The rooms on the top floor house the National Gallery's early Renaissance collection. Venturi and Scott Brown have created galleries with something of the religious atmosphere of a church, without any ecclesiastical imagery apart from the round-arched apertures between rooms. This is a series of lofty, seemingly old-fashioned lantern-roofed galleries, owing something to Sir John Soane's tiny early 19th-century Dulwich Picture Gallery. But daylight is carefully controlled by filtering devices, and the ceilings (acoustically dampened to cut down echoing footsteps from the wooden floors) conceal a mass of air-conditioning equipment. Very nearly state-of-the-art, but by no means shouting the fact.

The sequence of spaces is finished in good hard-wearing materials, with a very muted colour scheme. One direct vista with a false perspective across the rooms, defined by fat recessed columns, greets you as you enter from the top of the grand staircase. Otherwise, the interconnecting doors are arranged to give informal, even sudden, views of the paintings as you wander about. There is no craning of the neck at any architectural jeu d'esprit. People will come here for the collection, not for the architecture.

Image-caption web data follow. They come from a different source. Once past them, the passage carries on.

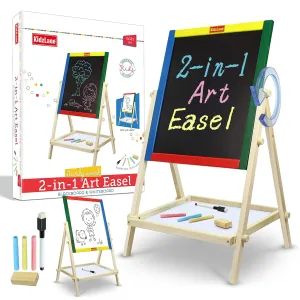 Kidzlane Art Easel for Kids 2-4 - Wooden Toddler Easel - Double Sided Standing Chalkboard/Dry Erase Board for Kids - Toddler Drawing Board with Accessories - 25.75 Inches Blackboard and Whiteboard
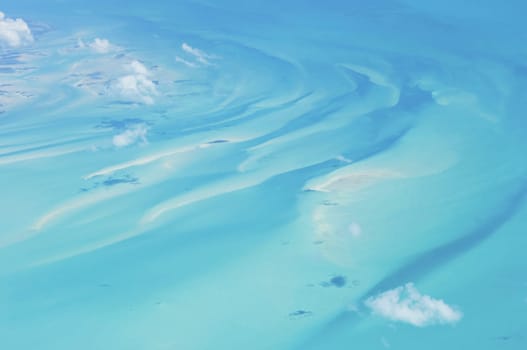 Unique aerial view of the exotic Bahamas.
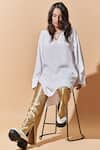 Buy_TheRealB_Gold Polyester Flared Pants _at_Aza_Fashions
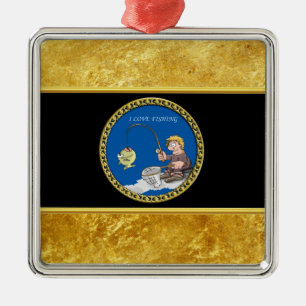 Ornamento De Metal Pesca baixa grande do pescador no gelo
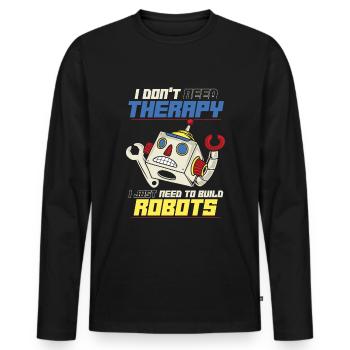 Robotique Ai robot - T-shirt manches longues Premium bio Homme - noir - Devant - Nico (187cm)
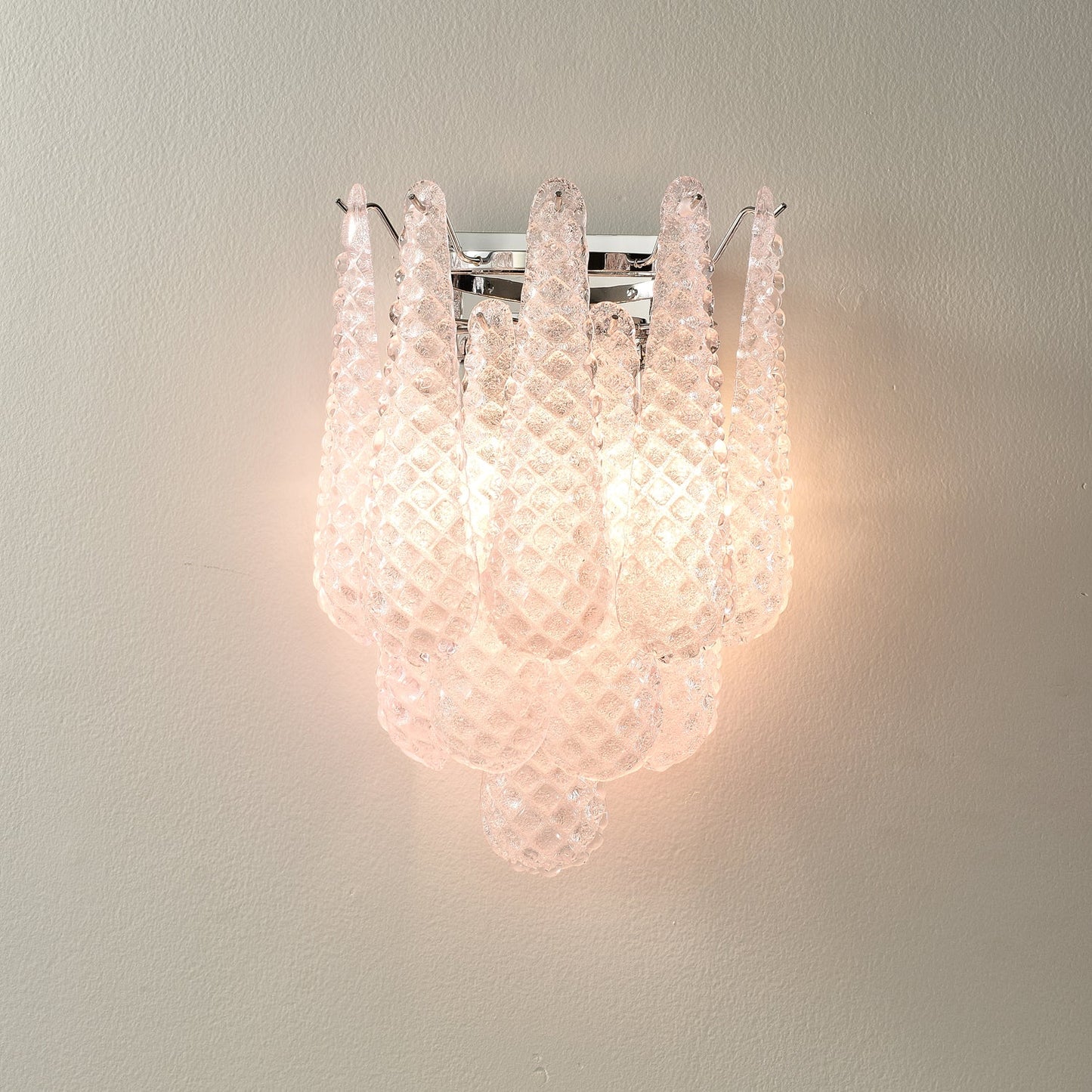 Pink Waffle Bracket light Wall Sconce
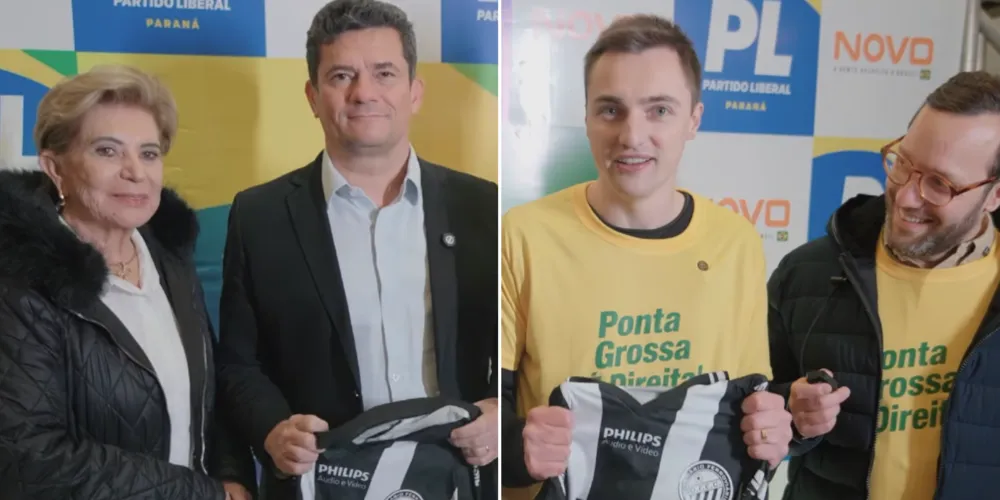A prefeita de Ponta Grossa, Elizabeth Schmidt ao lado do senador Sergio Moro, e o vereador ponta-grossense Ricardo Zampieri ao lado do deputado federal Filipe Barros; todos são filiados ao Partido Liberal (PL)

Elsewhere in this surprisingly big building you will find a brasserie overlooking Trafalgar Square, a lecture theatre with a horrible Venturi-designed carpet, and, downstairs, a set of artificially lit galleries for temporary exhibitions: satisfyingly tall rooms for what is virtually a basement. If you really want to find architectural witticisms, they are there to be found. Like the gallery wall that swerves suddenly to avoid crashing into he middle of a window. Or like the ceiling over the main staircase. Presumably to add grandeur, the Venturis have incorporated curved steel roof-trusses, vaguely reminiscent of a Victorian railway station. These have no function other than ornament: to demonstrate this, they are hung from the ceiling with no visible means of support. One should deplore such incorrectness, but I feel strangely indulgent towards this building, and to the Venturis. It must be the ghost of Lutyens, giggling somewhere.